The check is for the moments when something feels off. When you notice a tightness, an obligation, a guilt, a panic that does not quite match the situation. Those are the moments to pause and ask the three questions.
Your Vulnerability Profile
If you have been working through the identification exercises for each rule, you now have something valuable: a map of your own susceptibilities.
Look back at your ratings. Which rules scored highest? Those are the ones you are most vulnerable to. They are the doors that are easiest for someone to walk through.
This is not a flaw. Every human being has a vulnerability profile. The difference between you and most people is that you now know yours.
If Reciprocity scored high, you are someone who feels obligation deeply.
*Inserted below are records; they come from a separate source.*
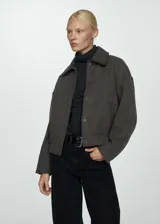 Chaqueta marrón de punto con cuello camisero, cierre de botones a presión ocultos, dos bolsillos laterales, terminación elástica, diseño oversize y manga larga.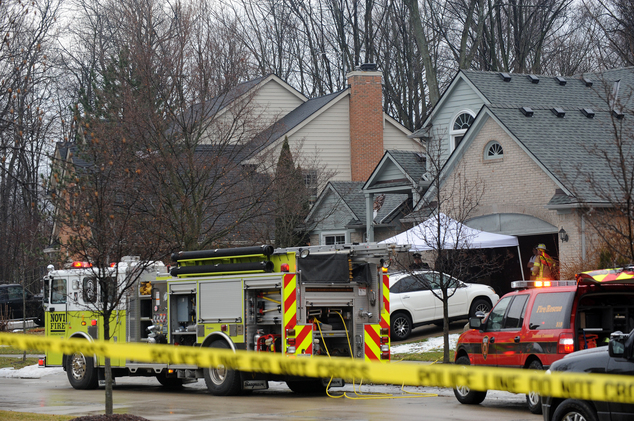 Police and fire officials investigate a house fire that killed five people at a home in Novi Mich. Sunday Jan. 31 2016. Authorities say five restaurant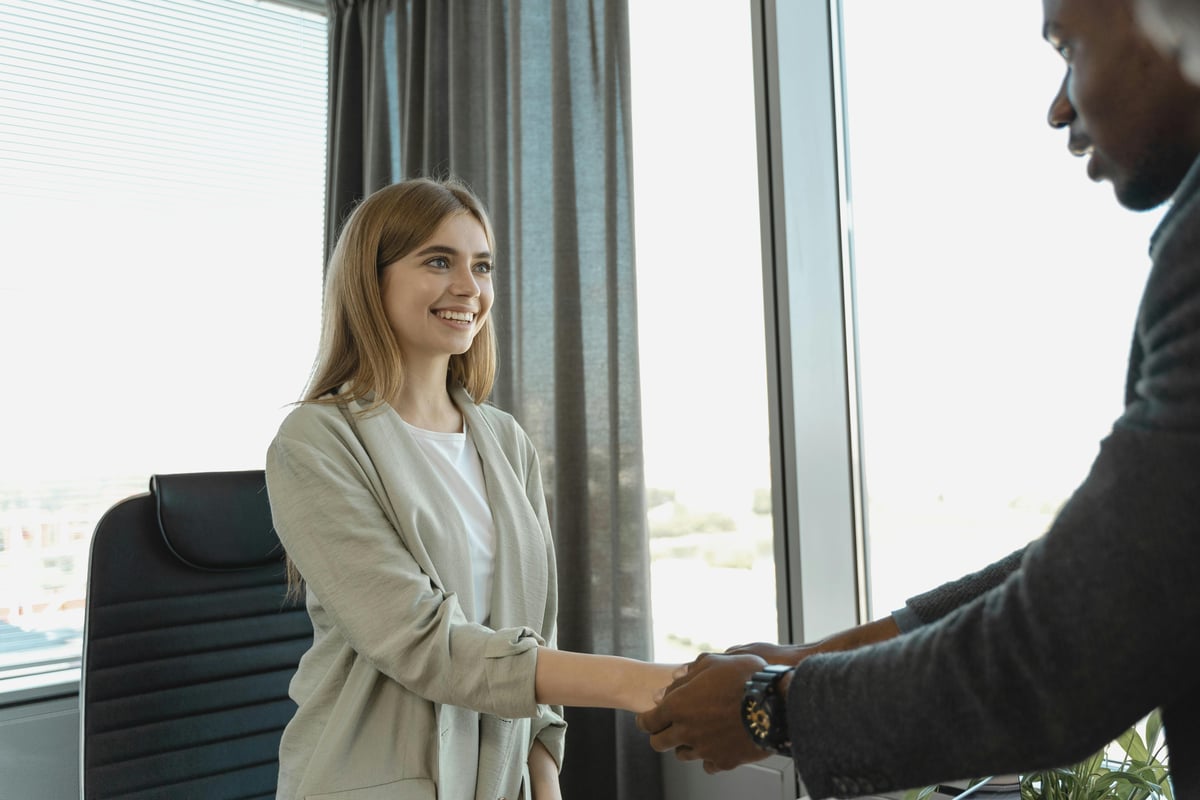 employee shaking hands in agreement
Watch for manufactured debts.
If Authority scored high, you are someone who defers instinctively to perceived expertise. Practise asking "why should I listen to this person?" before you comply.
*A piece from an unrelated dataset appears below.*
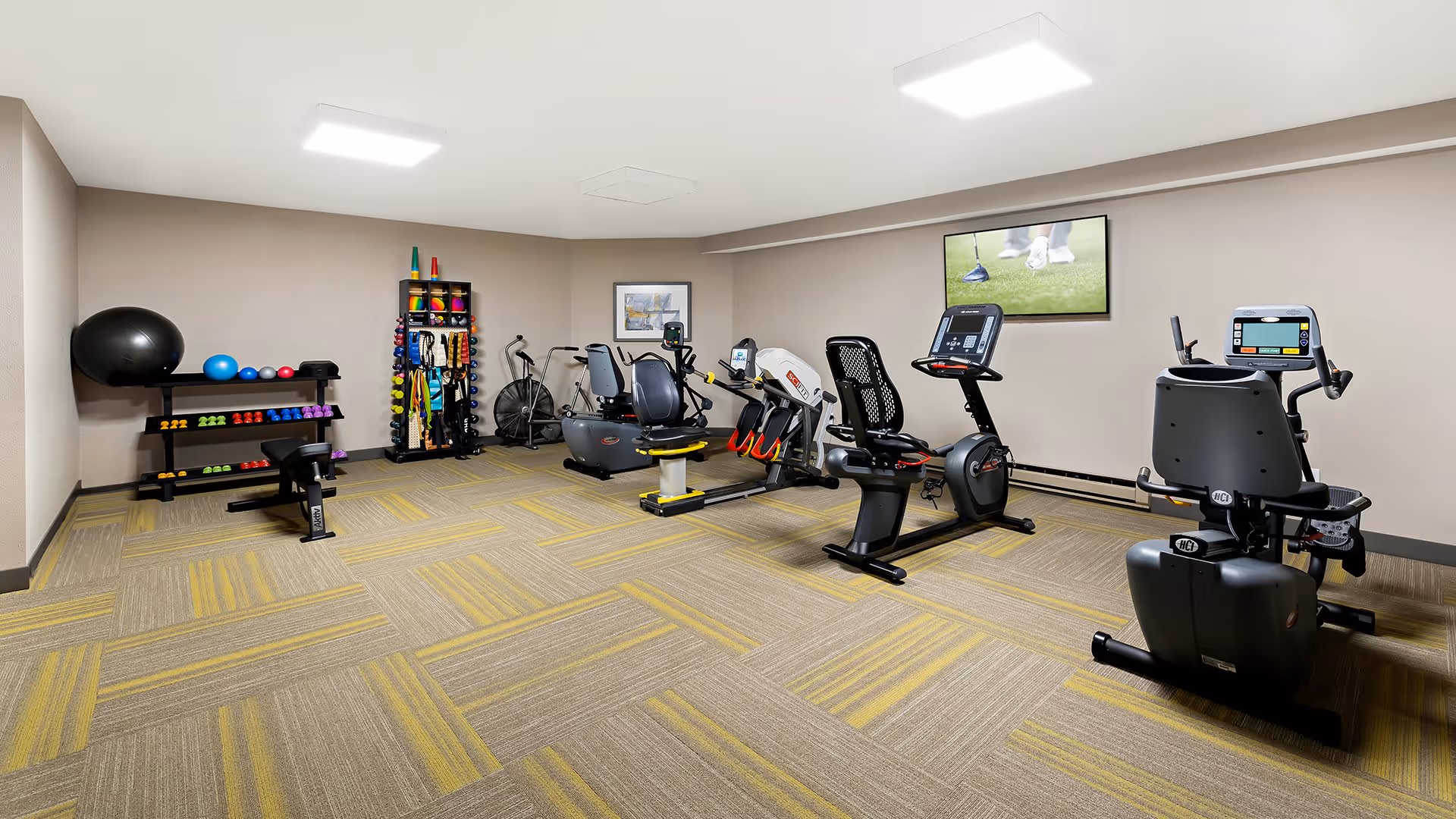 A fitness room with exercise equipment including stationary bikes, a rowing machine, and various weights and exercise balls neatly arranged on racks. A television is mounted on the wall showing a golf scene. The room has beige walls and patterned carpet flooring in shades of yellow and gray.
If Commitment and Consistency scored high, you are someone who finds it difficult to change course once committed. Remind yourself that changing your mind when circumstances change is not weakness. It is intelligence.
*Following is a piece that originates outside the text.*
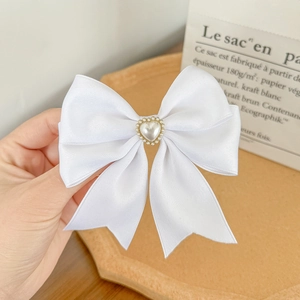 Detailed close-up of white satin bow hair clip with heart-shaped faux pearl embellishment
If Social Proof scored high, you are someone who reads the room before acting. Practise making one decision per day without checking what others think first.
If Liking scored high, you are someone whose desire for approval can override your judgment. Practise tolerating the discomfort of someone being momentarily disappointed in you.
If Unity scored high, you are someone for whom tribal belonging is a deep need. Be conscious of the difference between genuine community and enforced conformity.
If Scarcity scored high, you are someone who makes decisions from fear of loss. Practise distinguishing between "I want this" and "I am afraid of losing this."
You were trained to be reliant on external authority. This series exists to help you reclaim that authority for yourself.
You now know how the system works. You can see the architecture. And you have a set of tools, imperfect and simple as they are, to interrupt the automatic patterns and make your own choices.
That is the beginning of genuine autonomy.